The News

Hundreds of Thousands Flee Coast to Escape Matthew’s Fury

Workers started before dawn removing umbrellas and the colorful rocking chairs that line the Cocoa Beach Pier, moving them to a safer location as Hurricane Matthew approaches.

CAPE CANAVERAL, Florida – A deadly Hurricane Matthew steamed toward Florida with winds of 125 mph on Thursday as hundreds of thousands of people boarded up their homes, grabbed their belongings and fled inland to escape the most powerful storm to threaten the Atlantic coast in more than a decade.

In Florida, Gov.
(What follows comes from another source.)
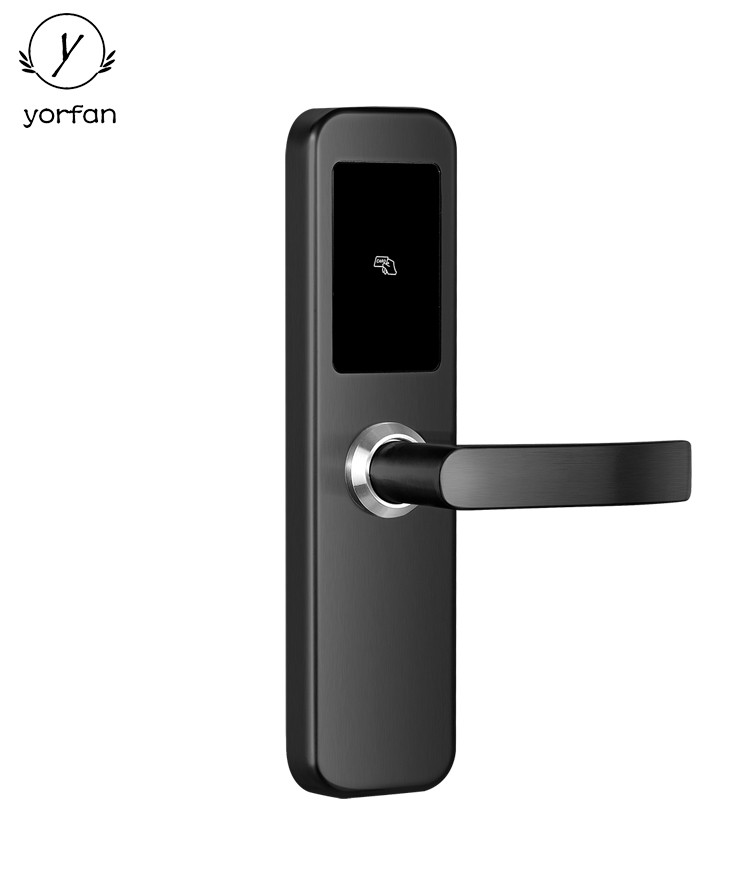 5050 Mortise Hotel Lockset YFH-F235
Rick Scott said the state, its skies already darkening from early outer rain bands of the life-threatening storm, could be facing its “biggest evacuation ever.”

The Category 3 hurricane barreled over the Bahamas and was expected to scrape nearly the entire length of Florida’s Atlantic coast beginning Thursday evening. From there, it was expected to push its way just off the coasts of Georgia and South Carolina before veering off to sea.

As people hurried for higher ground, authorities in South Carolina said a motorist died on Wednesday after being shot by deputies during an altercation along an evacuation route.

About two million people from Florida across Georgia to South Carolina were warned to head inland. Matthew killed at least 16 people in the Caribbean as it sliced through Haiti, Cuba and the Bahamas.

“This is a dangerous storm,” Scott warned. “The storm has already killed people. We should expect the same impact in Florida.”

Florida emergency officials said more than 3,000 people were already in 48 school-based shelters, mostly in coastal counties where evacuations both mandatory and voluntary were underway. Patients also were transferred from two Florida waterfront hospitals and a nursing home near Daytona Beach to safer locations.

Major theme parks in Orlando, central Florida, remained open but were monitoring events even as Walt Disney World canceled Mickey’s Not So Scary Halloween Party, a special ticket event scheduled Thursday night.

Deborah Whyte walked her dogs at Jupiter Beach Park on Thursday morning to check the surf.

“We boarded up our house and I boarded up my store” in Tequesta. “And we’re just hunkering down and waiting for it,” she said.

But others as far off as Georgia and South Carolina rushed to leave.

On Tybee Island, home to Georgia’s largest public beach, Loren Kook loaded up his pickup truck with suitcases and a computer late Wednesday afternoon to hit the road to metro Atlanta.

“It seems like a lot of the longtime residents are staying,” said Kook, who moved to the coast four years ago. “I’ve never sat through a Category Whatever. I’ll watch it on TV.”

Georgia Gov. Nathan Deal had urged more than 522,000 residents of six vulnerable coastal counties to voluntarily evacuate. An evacuation hasn’t been seen in 17 years in coastal Georgia. Part of its coast was under a hurricane warning.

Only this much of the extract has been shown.